No Witness But the Moon

Doctors always get to bury their failures. Cops usually have to live with theirs.

Vega wanted to feel some measure of peace from the news. If what Greco said was true, Vega hadn’t killed Hector Ponce. Then again, Ponce was dead either way and Vega had still killed someone. Some other unarmed, Hispanic man. Some other human being with a family who was about to get the devastating news that a loved one was gone. The stain on Vega was no less great just because the name had changed.

The human being in him grieved. The cop in him wanted answers.

“Are you sure that was Hector Ponce in the operating room?” he asked Greco.

“No. But I just tagged the evidence in his wallet,” said Greco. “That family photo is identical to the one Alma Ponce released to the media. Do you keep pictures of other people’s families in your wallet?”

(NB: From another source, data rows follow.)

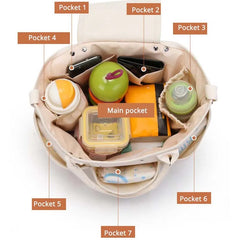 Durable Oxford Mommy Bag Baby Diaper Bag Travel Milk Bottle Handbag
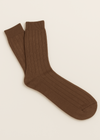 West of Ireland Cashmere Mix Socks | Brown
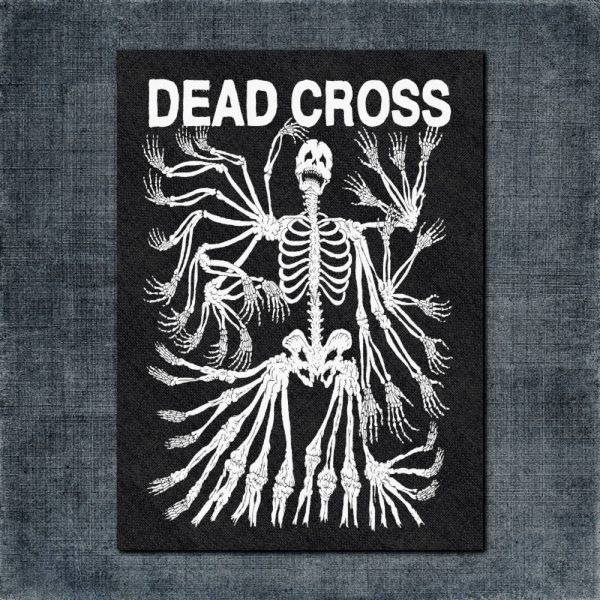 Dead Cross Back Patch, Dead Cross Artwork Big Back Patch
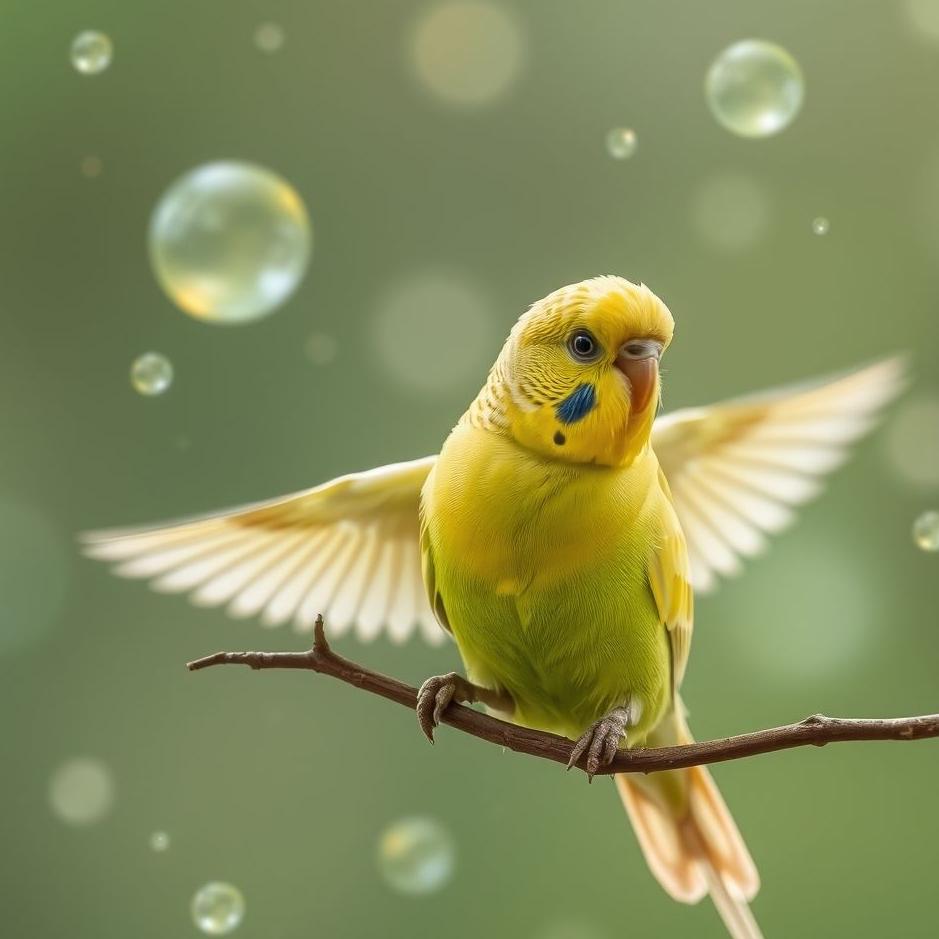 Dream : Budgie catching in a dream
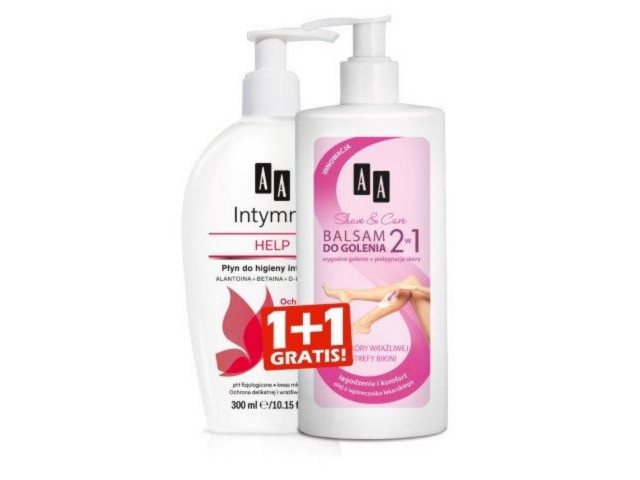 Zgrzew. Płyn do hig.intym HELP + Bals. do gol. SHAVE Sk.wraż.gratis interakcje ulotka zestaw - 1 zest.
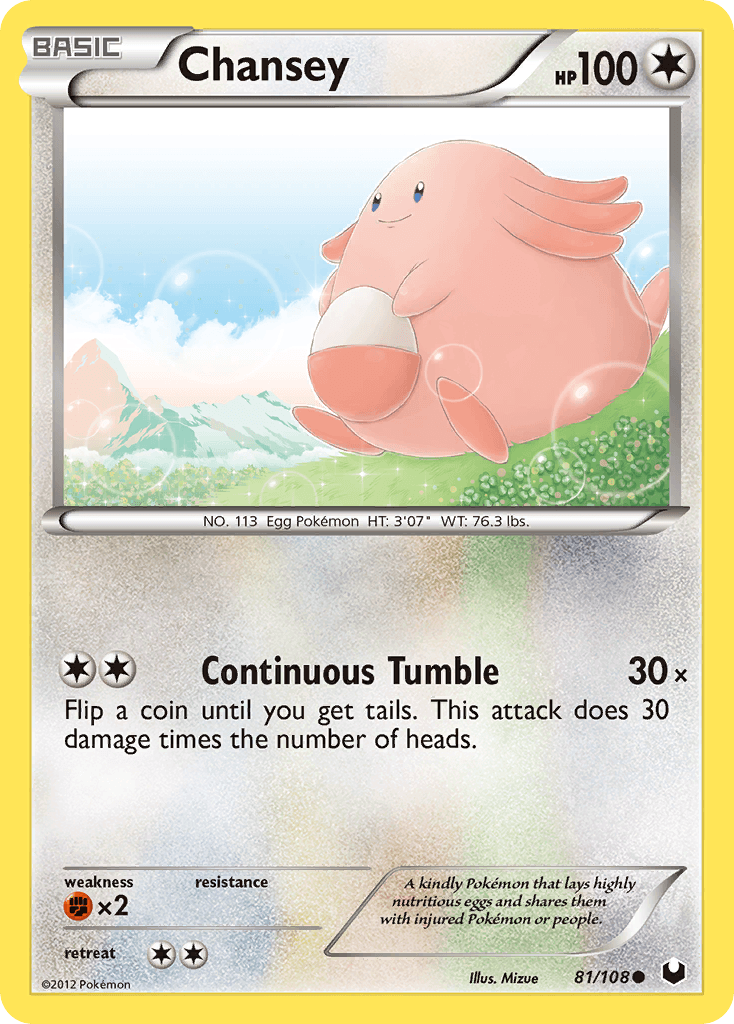 Chansey: Dark Explorers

Vega leaned back against the wall of the operating room waiting area with its soothing watercolors of sunsets and flowers. He wondered if Adele was looking for him. He wondered how he’d explain where he was. He couldn’t tell her about any of this. Not until the police made it public—and they weren’t about to do that until they knew a whole lot more.

“I don’t understand it,” said Vega. “Marcela ID’d the other man as her father.”

“Marcela ID’d a man whose face you shot off.”

Vega flinched. Greco’s words were true but they still pained him greatly.

“Most likely,” Greco continued, “what Marcela Salinez ID’d was her father’s coat and the pay stub in the pocket. As I understand from Mark Hammond over in Wickford, the ID in the man’s wallet listed an entirely different name.”

“Antonio Fernandez,” Vega remembered. “Still, it seems to me, a man is more likely to part with a family photo than he is his paycheck.”

“Unless Ponce lent this Fernandez guy his coat and was planning to take it back after the robbery.” Greco tossed off a laugh. It sounded like someone sawing wood.

“What’s so funny?”

“I’m picturing the look on Ruben Tate-Rivera’s face when he realizes that he’s built an entire media scandal around you shooting a guy only to have him show up dead twenty-four hours later.”

“I killed somebody, Grec.”

“Yeah, you did. But that’s too complicated for Tate and the media to handle. They like things they can fit into a hundred and forty-character tweet. No one can even say for sure which one of these two bodies is Ponce’s until Dr. Gupta compares the DNA, and those results won’t come back until tomorrow at the earliest. And that’s the least of my problems.”

Vega nodded. They both knew that the Lake Holly PD would have to treat this as a homicide investigation for the time being. Most likely, Vega’s department would be involved too, given the serious nature of the crime and its connection to the Wickford shooting. “You think he jumped? Or was pushed?”

“We’re looking at video in the area, trying to figure out how he got there.”

“Any video from the bridge?”

Greco shook his head. “The town board was talking about installing security cameras at both entrances awhile back. But the price tag made them decide to just not install any nighttime lighting on the walkway instead.”

Vega raised an eyebrow. “Those cameras will look cheap next to the lawsuit the town could be facing.”

“Yep.” Greco agreed. “Ponce’s family may get richer claiming he couldn’t see and took a fall than they ever would’ve with you shooting him.”

“That is, if he fell.”

“Ah, the million-dollar question,” said Greco.

“More like eight thousand.”

“Huh?”

Vega closed his eyes. There was no way around this. Adele had told him that Ponce was in hock for $8,000 to some gangster who’d threatened Yovanna’s life. She’d handed Vega the motive for Ponce’s robbery. And now Ponce was dead under suspicious circumstances, so that motive was more crucial than ever to the case. As an officer of the law, he couldn’t hold back evidence of this magnitude.

“Hector Ponce owed eight thousand dollars to a loan shark at the time of his death.”

“What?” asked Greco. “Where did you hear this?”

“Marcela told Adele,” said Vega. “In confidence.”

“Ain’t no such thing in a police investigation and you know it,” said Greco.

Vega gave Greco a dirty look. Yes, he knew it. But he also knew that Adele would feel betrayed. She’d wonder how Vega could refuse to confirm or deny a single shred of information on the shooting to her, and yet so freely divulge her confidences to another police officer. It would sever Adele’s relationship with Marcela. It would break trust between her and the immigrant community. Worst of all, it would break them.